O conceito de indústria cultural foi trazido ao debate sobre a natureza do capitalismo no Pós-Guerra por Theodor Adorno e Max Horkheimer. Era o ano de 1947, no qual se definia a Guerra Fria e época em que os horrores do extermínio ainda povoavam intensamente corações e mentes. Em Dialética do Esclarecimento (Dialektik der Aufklärung), os autores criticavam a razão iluminista, capaz de tornar o massacre racional, e viam na indústria cultural sua perpetuação. Em oposição ao termo “cultura de massas”, que pode significar uma produção cultural produzida por ou para as “massas”, o conceito de indústria cultural põe a nu a lógica da cultura mercantilizada. Nesta, as “massas” seriam apenas objetos e jamais sujeitos. Os bens culturais produzidos como mercadorias se destinam ao consumo e, por meio deste, a um controle social fabricado pela alienação. Ao mesmo tempo similares a quaisquer mercadorias produzidas sob o capitalismo, esses bens se distinguiam pela sua capacidade de gerar conformismo e aquiescência, capturando subjetividades para a legitimação da ordem do capital.

Muitos foram os autores que debateram essa concepção, seja para negá-la radicalmente e celebrar a “liberdade de escolha” da audiência, seja para perceber nesse sistema de dominação brechas e contradições capazes de permitir a produção de contrahegemonias. Assim, tomando como horizonte a gênese de tal conceito, o dossiê “Indústria Cultural e Contemporaneidade” reuniu diferentes textos, divididos em: 10 artigos, 01 resenha e 01 entrevista que lançam olhares diversos sobre expressões culturais e seus contextos históricos.

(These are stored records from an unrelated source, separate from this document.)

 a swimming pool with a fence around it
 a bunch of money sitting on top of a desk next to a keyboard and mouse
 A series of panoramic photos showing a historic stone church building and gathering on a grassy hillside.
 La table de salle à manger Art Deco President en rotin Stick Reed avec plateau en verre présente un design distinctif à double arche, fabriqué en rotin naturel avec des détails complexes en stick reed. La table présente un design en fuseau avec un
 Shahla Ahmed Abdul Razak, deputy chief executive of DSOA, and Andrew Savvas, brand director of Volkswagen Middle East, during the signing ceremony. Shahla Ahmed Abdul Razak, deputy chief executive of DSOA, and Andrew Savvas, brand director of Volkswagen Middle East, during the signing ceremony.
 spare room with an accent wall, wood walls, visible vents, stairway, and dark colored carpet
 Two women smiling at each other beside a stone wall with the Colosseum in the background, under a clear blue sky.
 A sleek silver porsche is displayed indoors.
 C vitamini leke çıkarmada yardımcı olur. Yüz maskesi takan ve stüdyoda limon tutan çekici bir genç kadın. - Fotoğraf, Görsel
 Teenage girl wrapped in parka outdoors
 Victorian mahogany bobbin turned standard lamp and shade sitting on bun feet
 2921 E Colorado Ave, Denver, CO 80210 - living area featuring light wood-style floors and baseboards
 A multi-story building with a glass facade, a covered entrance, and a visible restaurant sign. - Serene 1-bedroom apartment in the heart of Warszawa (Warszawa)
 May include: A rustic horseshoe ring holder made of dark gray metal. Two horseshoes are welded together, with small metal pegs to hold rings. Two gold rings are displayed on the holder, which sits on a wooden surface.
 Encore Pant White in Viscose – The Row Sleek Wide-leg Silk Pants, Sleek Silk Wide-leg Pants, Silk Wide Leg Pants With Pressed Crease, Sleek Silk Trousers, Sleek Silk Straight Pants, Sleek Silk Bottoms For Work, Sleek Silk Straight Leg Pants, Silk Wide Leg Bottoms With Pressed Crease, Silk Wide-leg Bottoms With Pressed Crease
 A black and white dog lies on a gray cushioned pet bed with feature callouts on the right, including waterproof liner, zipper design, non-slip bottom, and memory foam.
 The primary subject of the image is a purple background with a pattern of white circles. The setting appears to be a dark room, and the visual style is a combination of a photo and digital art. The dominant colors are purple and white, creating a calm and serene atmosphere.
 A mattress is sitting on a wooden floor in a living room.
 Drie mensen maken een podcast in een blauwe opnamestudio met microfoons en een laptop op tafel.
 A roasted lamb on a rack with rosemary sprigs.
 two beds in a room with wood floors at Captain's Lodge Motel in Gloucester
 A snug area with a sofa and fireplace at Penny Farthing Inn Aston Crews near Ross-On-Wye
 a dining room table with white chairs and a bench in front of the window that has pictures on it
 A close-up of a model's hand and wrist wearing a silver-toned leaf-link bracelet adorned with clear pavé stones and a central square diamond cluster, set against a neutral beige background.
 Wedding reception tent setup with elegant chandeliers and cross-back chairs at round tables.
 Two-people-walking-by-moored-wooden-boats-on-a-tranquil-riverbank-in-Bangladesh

Os primeiros artigos focam mais diretamente nas reflexões conceituais acerca da indústria cultural e seus desdobramentos. Em seguida, passamos para análises mais específicas de produtos e / ou manifestações culturais que dialogam com o referido conceito.

Música, turismo, produção audiovisual, novas tecnologias de informação e comunicação, movimentos sociais, foram temas escolhidos para problematizar o papel da indústria cultural no mundo contemporâneo. Selecionamos ainda uma entrevista de Armand Mattelart, sociólogo belga, co-autor do livro Para ler o Pato Donald, na qual ele reflete, entre outros temas, sobre o papel da indústria cultural no golpe que derrubou o presidente chileno Salvador Allende. Realizada pelo historiador Ivan Gomes, a entrevista traz uma contribuição fundamental para o aniversário dos 40 anos do golpe civil-militar no Chile. Por fim, Lia Rocha apresenta resenha que aborda a “moda” do turismo nas favelas, parte de um processo mais amplo de ordenamento urbano e de comoditização da cidade que está em curso no Rio de Janeiro, sede de megaeventos nos próximos anos.

“O Apocalipse é uma obsessão do dissenter, a integração é a realidade concreta dos que não dissentem.” A célebre frase de Umberto Eco, em seu livro Apocalípticos e Integrados, pode ser tomada como epígrafe deste dossiê. Nossa intenção foi, a partir de abordagens diferentes, desnaturalizar o senso comum, incentivando estudos culturais críticos que compreendam a História como processo. Pode-se perceber, assim, as mediações produzidas na dinâmica da indústria cultural, arena de conflitos e disputas entre um poderoso status quo que busca se perpetuar eternamente e um campo contrahegemônico que busca construir, de modos diversos, um novo horizonte histórico.

Adriana Facina – Professora do PPGAS / Museu Nacional / UFRJ, com pós-doutorado em Antropologia Social.

Pâmella Passos – Professora do Instituto Federal de Educação, Ciência e Tecnologia do Rio de Janeiro (IFRJ). Doutora em História pela Universidade Federal Fluminense (UFF) e pesquisadora do Grupo de Pesquisas “Observatório da Indústria Cultural (Oicult).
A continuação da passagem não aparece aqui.